佐久間象山、秋山郷へ
幕末の思想家で兵学者の松代藩士佐久間象山は、嘉永年間に信州渋温泉から上州草津温泉を経て中之条町の野反湖へ、、ここから上信越国境の山地に入り、秋山郷に至る11日間の踏査行をした。その状況を『鞜野日記』に著わした。鈴木牧之が『秋山記行』を刊行してから20年後だった。
江戸で私塾を経営した後、伊豆韮山で西洋砲術を学んだ象山は、信州北部の藩領三ヵ村(沓野、湯田中、佐野―山ノ之内町)利用掛を命ぜられ帰藩、開墾や朝鮮ニンジンの栽培など地域起こしに取り組んだ。この間に境界確認や鉱物資源調査のため、三ヵ村の背後に広がる山地から秋山郷に入る公務の旅行をした。
1848年(嘉永元)6月、山役人、猟師など象山一行17人は、渋温泉から渋峠を越えて草津温泉へ。
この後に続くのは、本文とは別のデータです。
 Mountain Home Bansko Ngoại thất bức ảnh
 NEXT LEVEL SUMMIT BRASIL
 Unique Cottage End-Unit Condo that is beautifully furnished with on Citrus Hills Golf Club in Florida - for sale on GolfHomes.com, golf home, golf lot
ここから中之条町の北部旧六合村の布池に向かった。当時沼だった布池は、昭和初期に築造されたダムで人造湖の野反湖となった。ここから流れ出る野反川は、佐武流山、白砂山、岩菅山、笠法師など二千m級の山を水源とする魚野川や雑魚川などの川と合流して中津川となり、秋山郷を流れて新潟県津南町で信濃川に注ぐ一級河川だ。
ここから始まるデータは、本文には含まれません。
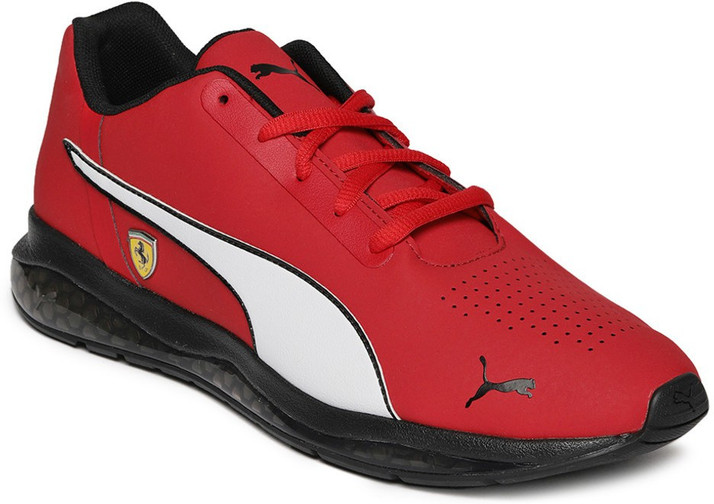 flipkart men's sports shoes puma
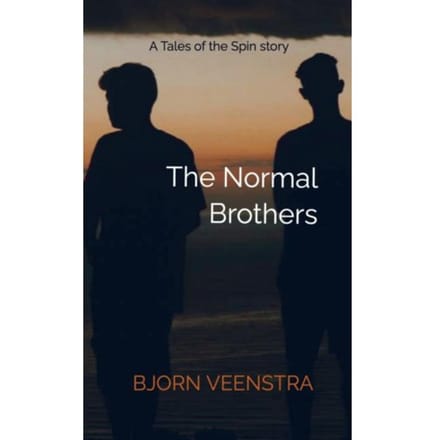 The Normal Brothers - Bjorn Veenstra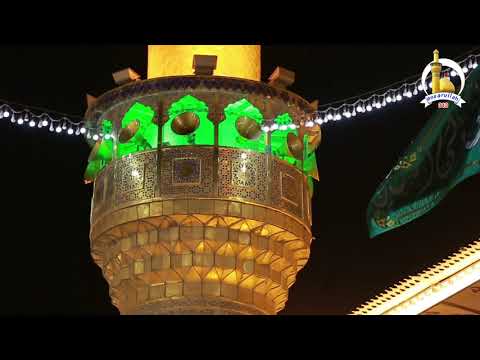 İmam Əlinin (ə) mövludu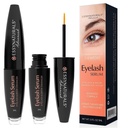 Essy naturals Premium Eyelash Growth Serum for Longer, Fuller, Lazer Lashes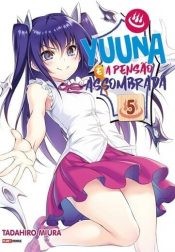 Yuuna e A Pensão Assombrada 5
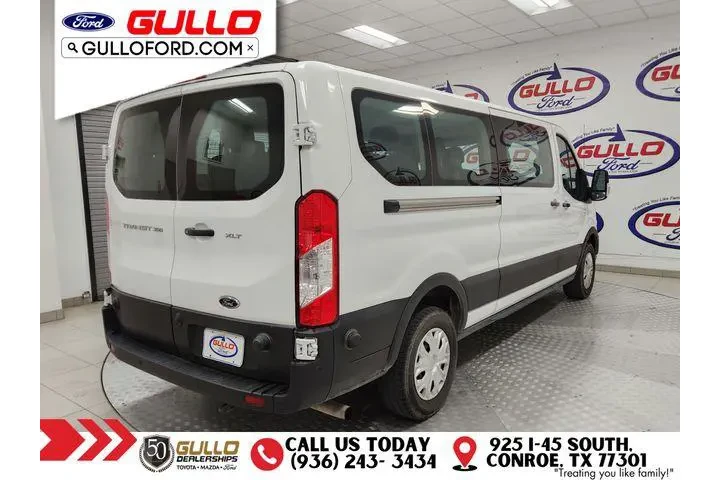 $38974 : Ford Transit 2024 350 XL 3dr image 7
野反湖から秋山郷の最奥の集落湯本(切明)までは険しい渓谷が続き、現在も道路はない。周囲の山への上級者向けの登山道があるだけ。
『秋山記行』には、「湯本から草津へは道という道はない。マタギが通る道だけ。普通の人の往来は思いもよらない。何回もの渡渉や、岸に張った藤蔓に縋って渡る難所があり・・・」記されている。
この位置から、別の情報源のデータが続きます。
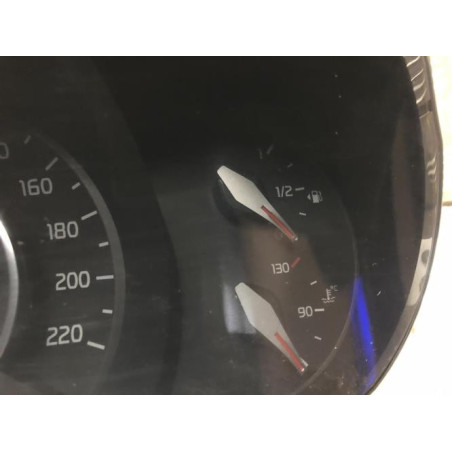 Compteur KIA RIO 3 PHASE 2 d’occasion
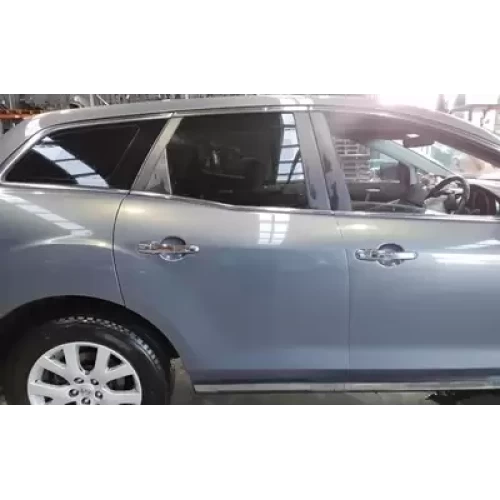 MAZDA CX7 RIGHT REAR DOOR ER, 11/06-02/12 2007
象山一行は、イワナ猟師の小屋や石室に泊まり、いくつかの源流で鉱石の採取を続けながら歩いた。山中に盗伐者の小屋を発見し、同行の山役人を叱責する場面も。9日目に湯本にたどり着く。和山、屋敷などの秋山郷の集落は素通りして越後に入り、津南から信濃川(千曲川)に沿って南下し渋温泉に帰った。
象山はこの踏査行の後、江戸に出て海防論を展開、吉田松陰の密航事件に連座して下獄、赦免後幕命により上洛し、1864年に攘夷派の浪士に暗殺されるという波乱に満ちた人生を送った。